Blotter o’ the week: A woman who appeared to be pregnant walked into a West Ashley hair supply store and stuffed two wigs down her shirt.
You know it’s fall when someone shatters your back windshield with a pumpkin.
A man dropped his backpack off at the register, walked into a downtown discount store, and walked out with two cans of Vienna sausages valued at $1.10. A strange standoff ensued when he came back in for his bag; the clerk refused to take off the backpack until the man coughed up the cans.
When an officer handed a man a citation for drinking in public, the offender threw it on the sidewalk, saying, “I don’t need it, I’m not going to court.”
A group of high schoolers threw a can of white paint at the sidewalk, smothering the driver’s side of a man’s Mazda in the process.
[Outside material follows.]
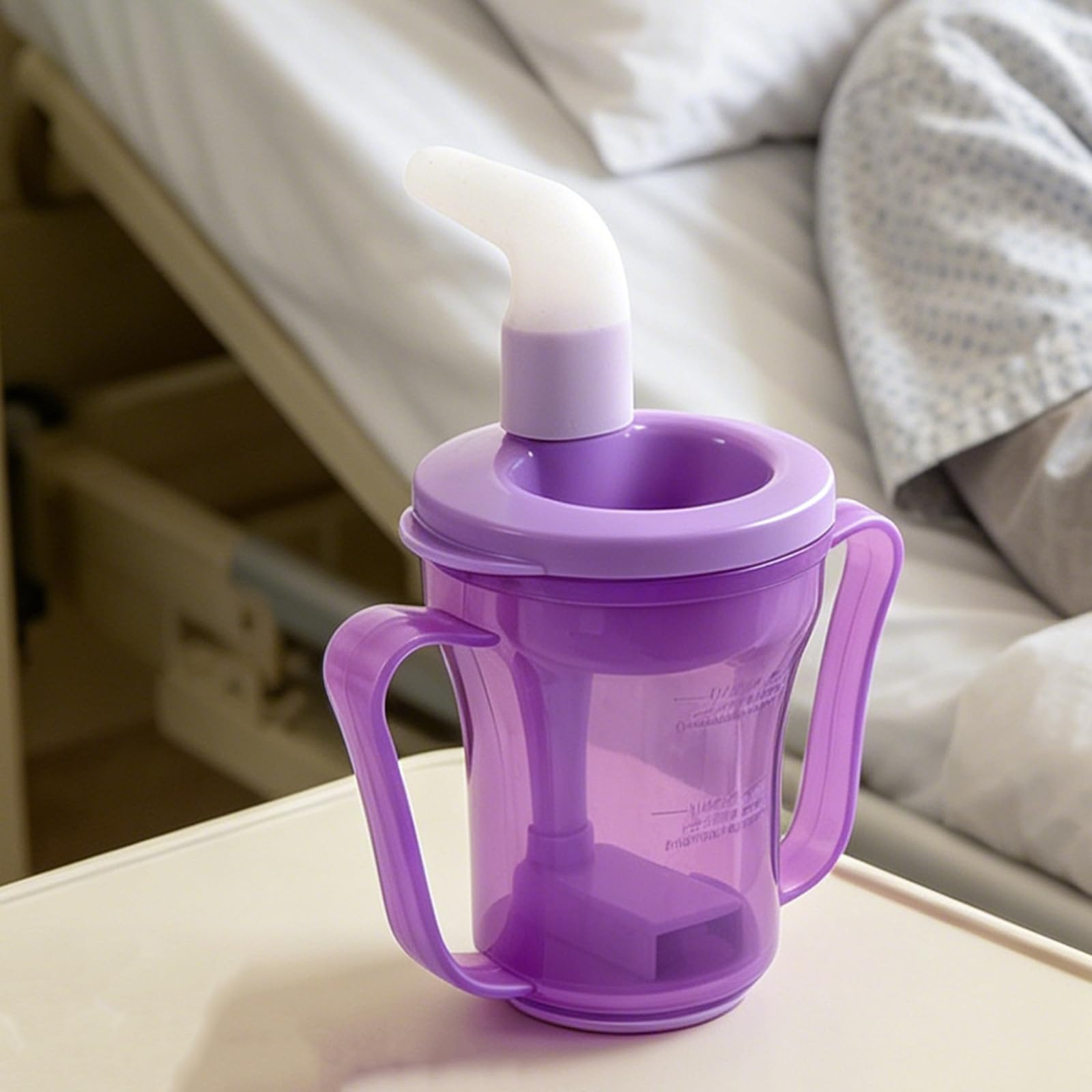 Bicchieri con beccuccio per adulti e anziani - Bicchiere a flusso lento e regolabile per bere in autonomia - 250 ml. Aiuta a prevenire il rischio di soffocamento per le persone anziane e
A man punched his pregnant ex-girlfriend in the eye after she refused to have sex with him.
According to CPD’s Urban Dictionary, “the police” can also mean “(a snitch).”
A high schooler was booked and lodged in county jail after a school resource officer caught him with his older brother’s ADHD meds.
A man was found passed out on top of a case of water in front of a Johns Island convenience store. When an officer approached him, he said his name was “Big Nate and that is all there is to know” and that he was “high and drunk.”
A man stole two watches, one valued at $2,950 and another valued at $790, from a display case inside a downtown hotel.
A middle school student began stabbing himself in the hand with a pencil during a math lesson. In his math paper, he wrote, “I hurt myself because I love pain.” While alone in a different room with a teacher, he stabbed her with a pencil twice and punched her in the eye.
In light of the recent Pittsburgh synagogue shooting, a local rabbi reported an angry Facebook post that mentioned her and the mayor of Charleston to the police. “If the Jews had rifles in 1942, a lot fewer of them would have ended up as ashes in the crematoria of Auschwitz, Dachau, etc,” the post read in part.